• Problem statement
Going down the listing below, print exactly each line from the one with "Druga tura wyborów." up to and including the one with "Item preview, Light", and skip the rest.

• Data provided

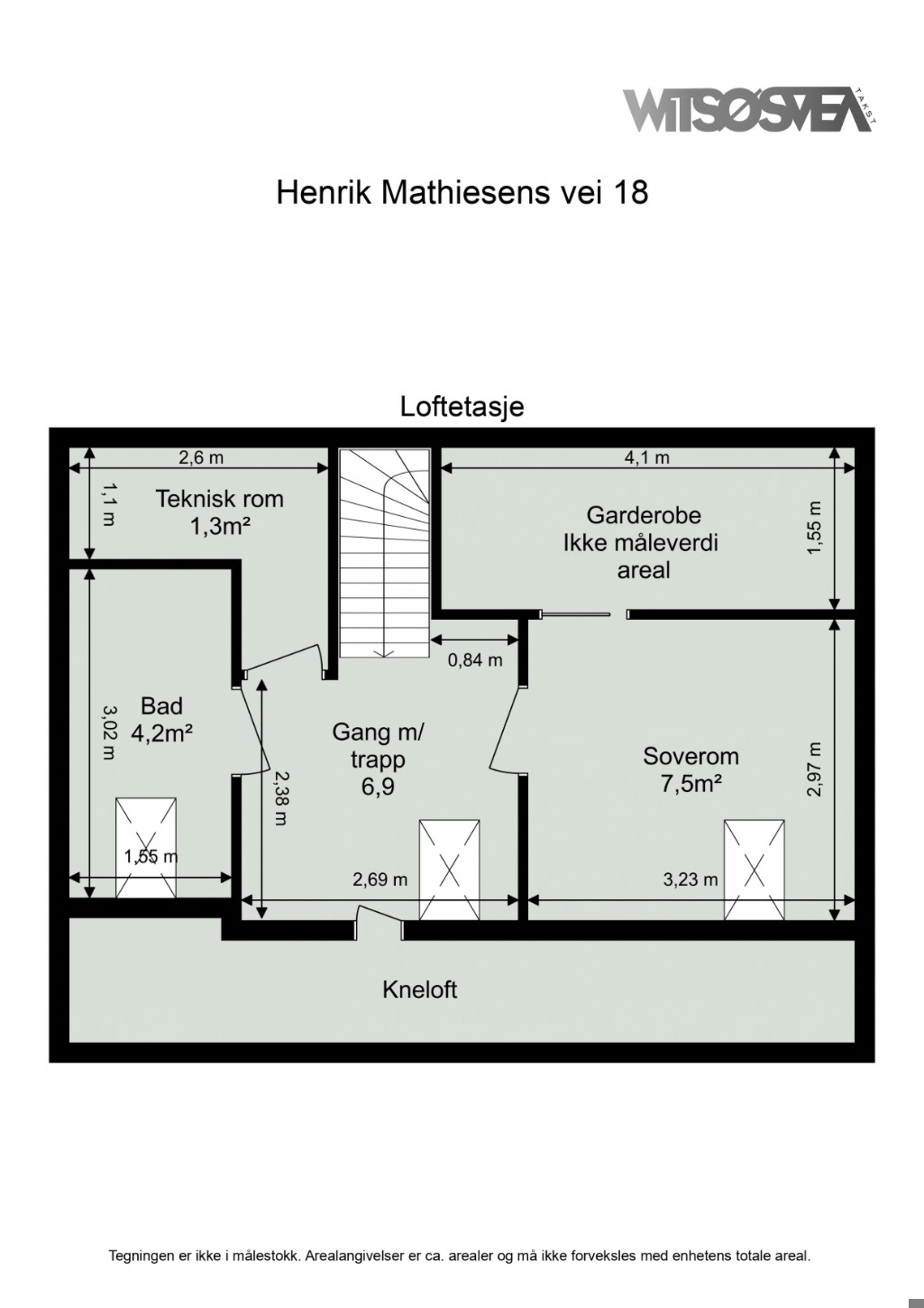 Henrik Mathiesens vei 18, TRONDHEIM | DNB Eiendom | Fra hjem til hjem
==
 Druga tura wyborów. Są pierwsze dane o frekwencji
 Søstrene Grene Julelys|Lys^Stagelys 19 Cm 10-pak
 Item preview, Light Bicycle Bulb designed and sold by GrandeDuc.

• Answer to the exercise
 Druga tura wyborów. Są pierwsze dane o frekwencji
 Søstrene Grene Julelys|Lys^Stagelys 19 Cm 10-pak
 Item preview, Light Bicycle Bulb designed and sold by GrandeDuc.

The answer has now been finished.